(Saved entries)
=======

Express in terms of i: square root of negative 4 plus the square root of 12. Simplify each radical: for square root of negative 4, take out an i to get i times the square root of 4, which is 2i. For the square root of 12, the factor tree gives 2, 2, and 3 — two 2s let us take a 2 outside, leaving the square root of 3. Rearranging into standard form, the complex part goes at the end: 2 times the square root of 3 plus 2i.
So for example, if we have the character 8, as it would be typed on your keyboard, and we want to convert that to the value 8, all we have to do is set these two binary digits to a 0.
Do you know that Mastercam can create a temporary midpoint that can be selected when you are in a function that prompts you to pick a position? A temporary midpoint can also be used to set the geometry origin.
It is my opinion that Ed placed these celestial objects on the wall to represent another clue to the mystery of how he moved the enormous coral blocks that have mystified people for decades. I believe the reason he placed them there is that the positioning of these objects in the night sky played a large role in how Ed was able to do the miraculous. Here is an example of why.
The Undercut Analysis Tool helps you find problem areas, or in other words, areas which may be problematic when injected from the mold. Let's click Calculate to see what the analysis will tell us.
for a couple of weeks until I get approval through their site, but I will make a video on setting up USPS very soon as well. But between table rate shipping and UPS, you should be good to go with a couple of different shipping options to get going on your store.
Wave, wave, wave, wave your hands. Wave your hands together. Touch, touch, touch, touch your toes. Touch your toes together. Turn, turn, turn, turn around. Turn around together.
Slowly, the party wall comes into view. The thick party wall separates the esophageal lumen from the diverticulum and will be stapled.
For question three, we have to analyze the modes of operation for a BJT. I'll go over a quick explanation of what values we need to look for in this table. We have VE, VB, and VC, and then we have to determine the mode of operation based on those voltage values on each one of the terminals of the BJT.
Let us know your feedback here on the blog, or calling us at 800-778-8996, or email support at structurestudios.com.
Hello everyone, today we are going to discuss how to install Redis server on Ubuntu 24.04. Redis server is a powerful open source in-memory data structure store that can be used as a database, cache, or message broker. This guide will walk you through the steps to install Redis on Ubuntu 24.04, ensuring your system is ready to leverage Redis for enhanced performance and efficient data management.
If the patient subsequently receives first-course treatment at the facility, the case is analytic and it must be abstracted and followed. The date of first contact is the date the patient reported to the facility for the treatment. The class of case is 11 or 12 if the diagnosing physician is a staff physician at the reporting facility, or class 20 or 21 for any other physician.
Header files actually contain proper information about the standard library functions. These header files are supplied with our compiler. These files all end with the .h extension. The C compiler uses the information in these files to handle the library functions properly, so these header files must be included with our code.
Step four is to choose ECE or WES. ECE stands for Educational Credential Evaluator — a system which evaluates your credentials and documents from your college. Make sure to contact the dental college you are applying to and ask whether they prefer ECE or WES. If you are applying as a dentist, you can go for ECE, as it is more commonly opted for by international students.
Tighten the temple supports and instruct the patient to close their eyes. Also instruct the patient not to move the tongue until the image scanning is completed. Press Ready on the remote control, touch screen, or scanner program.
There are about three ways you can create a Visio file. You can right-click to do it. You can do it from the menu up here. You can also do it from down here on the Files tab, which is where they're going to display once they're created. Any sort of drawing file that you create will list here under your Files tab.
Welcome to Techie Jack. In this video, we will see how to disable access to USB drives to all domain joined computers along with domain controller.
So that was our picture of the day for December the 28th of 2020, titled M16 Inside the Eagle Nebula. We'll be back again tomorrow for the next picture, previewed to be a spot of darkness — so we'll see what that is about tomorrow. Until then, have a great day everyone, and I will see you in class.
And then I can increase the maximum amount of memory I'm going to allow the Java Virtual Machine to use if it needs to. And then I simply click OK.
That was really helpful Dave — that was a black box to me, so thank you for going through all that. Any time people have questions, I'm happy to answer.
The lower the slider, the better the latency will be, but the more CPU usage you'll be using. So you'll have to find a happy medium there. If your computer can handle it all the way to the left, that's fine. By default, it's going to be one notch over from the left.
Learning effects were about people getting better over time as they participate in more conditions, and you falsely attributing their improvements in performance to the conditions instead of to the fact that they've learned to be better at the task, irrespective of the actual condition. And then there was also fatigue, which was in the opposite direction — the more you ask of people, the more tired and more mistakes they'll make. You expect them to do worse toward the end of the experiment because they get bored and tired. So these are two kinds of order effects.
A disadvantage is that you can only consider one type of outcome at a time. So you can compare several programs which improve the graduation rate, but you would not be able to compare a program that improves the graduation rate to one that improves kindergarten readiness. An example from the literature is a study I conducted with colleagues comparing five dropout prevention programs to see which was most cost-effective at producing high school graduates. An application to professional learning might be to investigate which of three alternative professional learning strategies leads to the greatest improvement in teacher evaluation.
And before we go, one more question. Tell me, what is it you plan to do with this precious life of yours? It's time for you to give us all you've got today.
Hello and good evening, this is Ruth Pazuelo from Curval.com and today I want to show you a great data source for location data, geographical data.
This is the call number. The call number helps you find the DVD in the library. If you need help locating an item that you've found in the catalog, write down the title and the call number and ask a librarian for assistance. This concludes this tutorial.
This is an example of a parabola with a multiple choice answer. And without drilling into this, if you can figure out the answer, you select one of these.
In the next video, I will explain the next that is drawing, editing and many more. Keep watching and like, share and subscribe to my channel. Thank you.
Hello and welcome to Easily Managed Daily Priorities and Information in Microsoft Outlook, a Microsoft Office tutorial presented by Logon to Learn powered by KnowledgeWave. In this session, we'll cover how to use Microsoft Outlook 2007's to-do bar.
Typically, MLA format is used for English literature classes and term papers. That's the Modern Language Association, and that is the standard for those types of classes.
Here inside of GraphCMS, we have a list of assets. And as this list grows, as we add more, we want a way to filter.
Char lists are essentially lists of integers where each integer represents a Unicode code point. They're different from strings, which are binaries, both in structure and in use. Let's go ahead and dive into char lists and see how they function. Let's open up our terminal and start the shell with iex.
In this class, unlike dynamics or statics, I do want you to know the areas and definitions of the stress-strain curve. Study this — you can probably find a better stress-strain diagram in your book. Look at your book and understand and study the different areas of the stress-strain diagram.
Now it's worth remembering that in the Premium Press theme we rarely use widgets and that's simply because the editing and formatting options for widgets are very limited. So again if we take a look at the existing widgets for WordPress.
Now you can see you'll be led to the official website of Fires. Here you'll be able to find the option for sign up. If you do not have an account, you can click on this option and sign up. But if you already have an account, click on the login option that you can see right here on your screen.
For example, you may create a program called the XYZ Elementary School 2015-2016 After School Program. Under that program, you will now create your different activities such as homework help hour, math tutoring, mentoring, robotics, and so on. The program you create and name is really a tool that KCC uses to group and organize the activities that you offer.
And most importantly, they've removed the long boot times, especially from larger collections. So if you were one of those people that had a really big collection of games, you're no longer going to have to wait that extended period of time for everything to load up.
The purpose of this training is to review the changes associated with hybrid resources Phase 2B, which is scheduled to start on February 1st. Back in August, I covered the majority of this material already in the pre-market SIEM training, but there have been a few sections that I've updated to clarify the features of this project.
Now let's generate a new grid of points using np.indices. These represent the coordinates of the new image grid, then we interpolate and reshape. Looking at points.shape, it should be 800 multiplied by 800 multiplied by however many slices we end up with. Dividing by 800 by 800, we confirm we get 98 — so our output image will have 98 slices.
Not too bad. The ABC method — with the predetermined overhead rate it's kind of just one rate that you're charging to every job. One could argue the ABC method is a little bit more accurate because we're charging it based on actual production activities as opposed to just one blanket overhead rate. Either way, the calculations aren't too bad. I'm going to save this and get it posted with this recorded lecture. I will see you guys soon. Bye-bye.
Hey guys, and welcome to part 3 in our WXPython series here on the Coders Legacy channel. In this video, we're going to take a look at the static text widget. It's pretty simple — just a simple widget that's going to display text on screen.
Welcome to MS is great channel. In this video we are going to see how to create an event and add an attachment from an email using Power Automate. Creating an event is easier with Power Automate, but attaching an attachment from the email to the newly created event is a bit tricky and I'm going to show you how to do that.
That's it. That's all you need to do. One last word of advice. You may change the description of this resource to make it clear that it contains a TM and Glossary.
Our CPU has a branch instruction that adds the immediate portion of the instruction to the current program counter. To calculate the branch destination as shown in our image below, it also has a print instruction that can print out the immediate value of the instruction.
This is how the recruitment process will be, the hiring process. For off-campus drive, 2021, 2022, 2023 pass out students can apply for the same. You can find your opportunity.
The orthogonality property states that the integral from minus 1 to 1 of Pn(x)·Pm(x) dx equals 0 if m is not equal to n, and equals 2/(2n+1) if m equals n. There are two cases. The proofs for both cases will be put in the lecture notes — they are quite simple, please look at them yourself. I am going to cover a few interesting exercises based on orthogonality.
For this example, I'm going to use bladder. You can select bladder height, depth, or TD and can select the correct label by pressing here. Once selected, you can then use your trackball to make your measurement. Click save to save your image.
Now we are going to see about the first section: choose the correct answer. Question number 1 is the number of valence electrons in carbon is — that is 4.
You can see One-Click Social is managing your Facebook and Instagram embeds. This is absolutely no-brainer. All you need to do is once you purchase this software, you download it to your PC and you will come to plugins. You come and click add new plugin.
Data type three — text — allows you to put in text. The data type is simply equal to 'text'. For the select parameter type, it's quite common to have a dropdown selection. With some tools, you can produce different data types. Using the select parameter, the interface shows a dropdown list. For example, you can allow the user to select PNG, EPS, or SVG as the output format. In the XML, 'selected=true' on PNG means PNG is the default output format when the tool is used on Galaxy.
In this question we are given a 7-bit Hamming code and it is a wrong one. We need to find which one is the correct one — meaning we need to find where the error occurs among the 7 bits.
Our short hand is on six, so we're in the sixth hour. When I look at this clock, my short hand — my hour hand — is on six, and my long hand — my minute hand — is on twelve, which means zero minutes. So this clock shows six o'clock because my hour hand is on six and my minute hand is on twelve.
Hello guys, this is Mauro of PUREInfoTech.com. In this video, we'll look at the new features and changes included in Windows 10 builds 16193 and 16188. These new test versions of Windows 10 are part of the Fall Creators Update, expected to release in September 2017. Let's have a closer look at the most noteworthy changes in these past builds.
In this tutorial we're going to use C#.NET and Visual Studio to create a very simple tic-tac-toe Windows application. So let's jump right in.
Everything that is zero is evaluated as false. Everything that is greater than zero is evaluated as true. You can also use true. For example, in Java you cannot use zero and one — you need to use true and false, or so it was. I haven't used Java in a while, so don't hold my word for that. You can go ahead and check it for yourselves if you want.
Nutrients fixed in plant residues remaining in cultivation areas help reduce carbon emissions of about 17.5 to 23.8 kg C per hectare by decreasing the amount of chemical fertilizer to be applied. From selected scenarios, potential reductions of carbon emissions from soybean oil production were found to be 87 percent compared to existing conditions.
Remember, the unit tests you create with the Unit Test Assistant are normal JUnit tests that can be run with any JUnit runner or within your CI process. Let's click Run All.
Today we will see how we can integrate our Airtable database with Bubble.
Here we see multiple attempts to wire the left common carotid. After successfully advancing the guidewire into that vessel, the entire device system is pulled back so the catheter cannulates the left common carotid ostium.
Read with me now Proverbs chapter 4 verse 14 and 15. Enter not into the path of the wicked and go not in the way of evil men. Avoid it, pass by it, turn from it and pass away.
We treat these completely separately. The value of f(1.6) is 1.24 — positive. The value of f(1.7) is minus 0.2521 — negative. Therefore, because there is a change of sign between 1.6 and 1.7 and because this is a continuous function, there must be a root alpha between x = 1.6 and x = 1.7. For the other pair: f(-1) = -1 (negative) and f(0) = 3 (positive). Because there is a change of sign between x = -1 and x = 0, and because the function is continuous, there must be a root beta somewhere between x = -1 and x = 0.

=======

### WHAT YOU ARE ASKED TO DO
Above are the records. Print exactly, and only, the lines from the line with "Typically, MLA format" to the line with "Char lists are", both inclusive.

### THE COMPLETED TASK
Typically, MLA format is used for English literature classes and term papers. That's the Modern Language Association, and that is the standard for those types of classes.
Here inside of GraphCMS, we have a list of assets. And as this list grows, as we add more, we want a way to filter.
Char lists are essentially lists of integers where each integer represents a Unicode code point. They're different from strings, which are binaries, both in structure and in use. Let's go ahead and dive into char lists and see how they function. Let's open up our terminal and start the shell with iex.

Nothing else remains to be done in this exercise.